TASK DIRECTIONS >>
Your output should be exactly the lines from the one containing "Nankatai Cookies [150 Grams]" through the final line of the records, both included, with every picture left out.

DATA PROVIDED >>
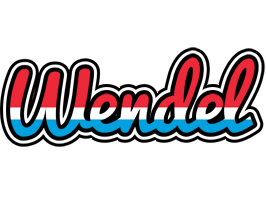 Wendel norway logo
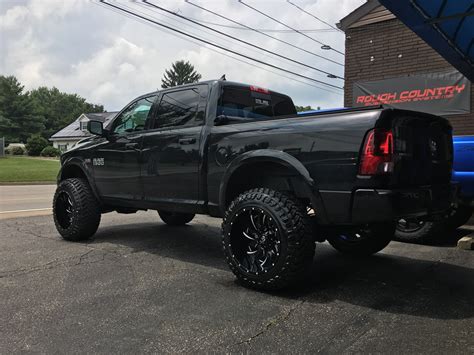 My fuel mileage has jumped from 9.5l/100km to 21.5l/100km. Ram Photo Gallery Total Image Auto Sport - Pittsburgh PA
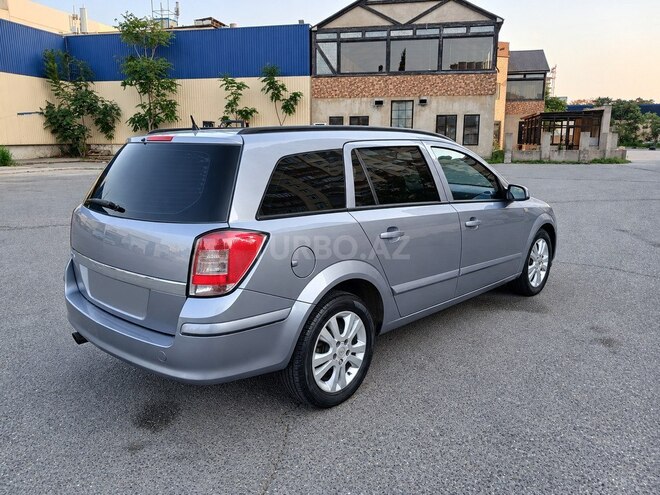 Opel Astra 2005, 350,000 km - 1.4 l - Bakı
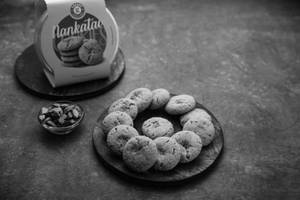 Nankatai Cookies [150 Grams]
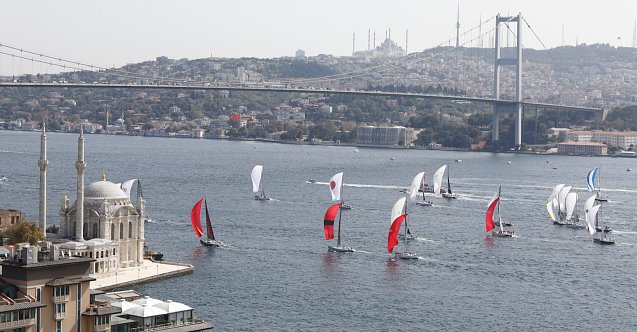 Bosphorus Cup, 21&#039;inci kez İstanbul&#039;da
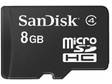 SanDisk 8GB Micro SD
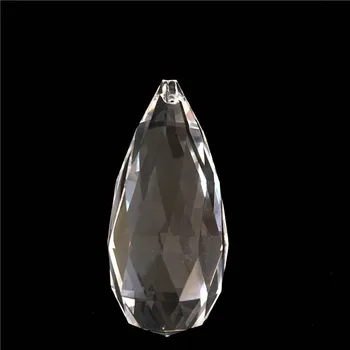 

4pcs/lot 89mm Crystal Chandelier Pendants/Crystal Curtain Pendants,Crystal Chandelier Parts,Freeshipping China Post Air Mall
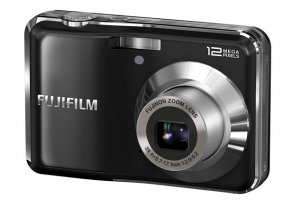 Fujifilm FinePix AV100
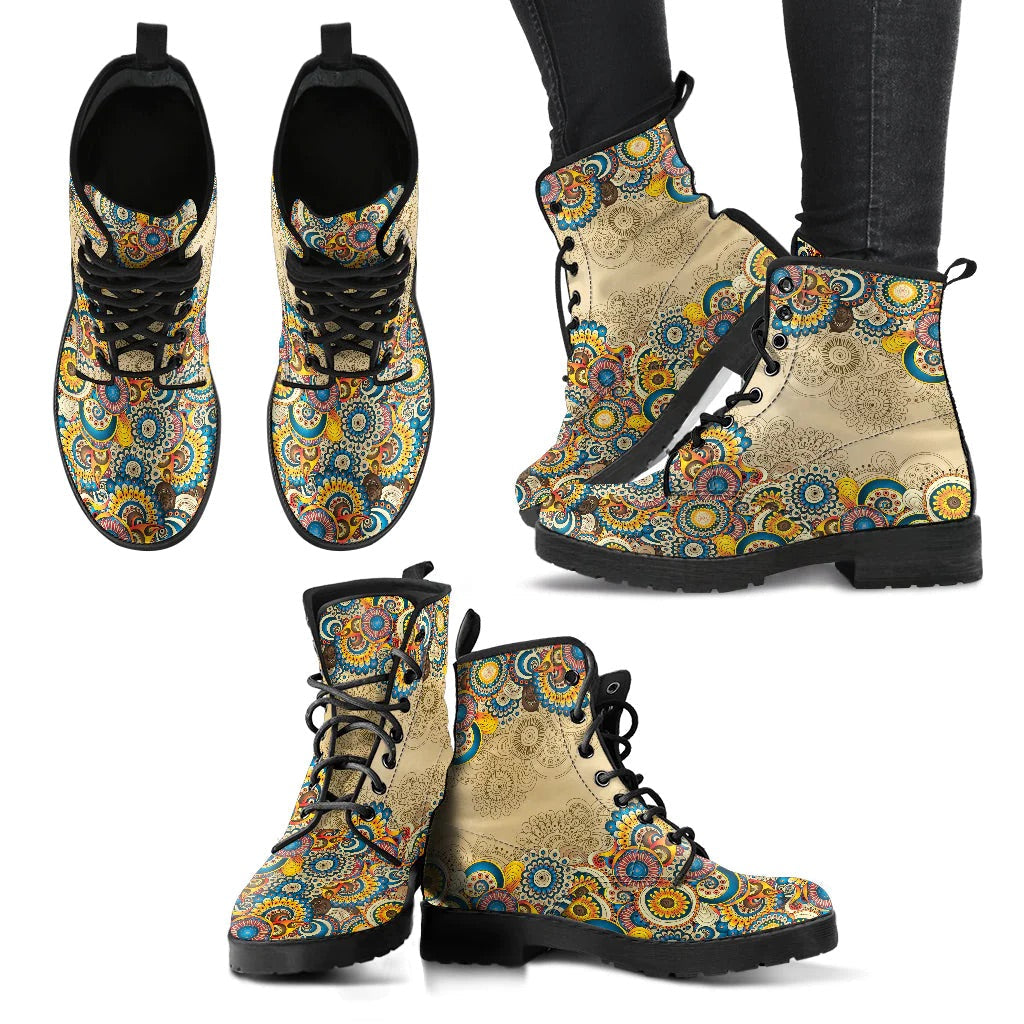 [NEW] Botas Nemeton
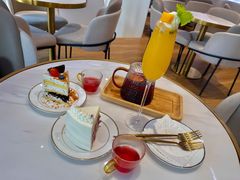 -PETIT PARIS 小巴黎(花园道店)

EXERCISE RESPONSE >>
 Nankatai Cookies [150 Grams]
 Bosphorus Cup, 21&#039;inci kez İstanbul&#039;da
 SanDisk 8GB Micro SD

4pcs/lot 89mm Crystal Chandelier Pendants/Crystal Curtain Pendants,Crystal Chandelier Parts,Freeshipping China Post Air Mall
 Fujifilm FinePix AV100
 [NEW] Botas Nemeton
 -PETIT PARIS 小巴黎(花园道店)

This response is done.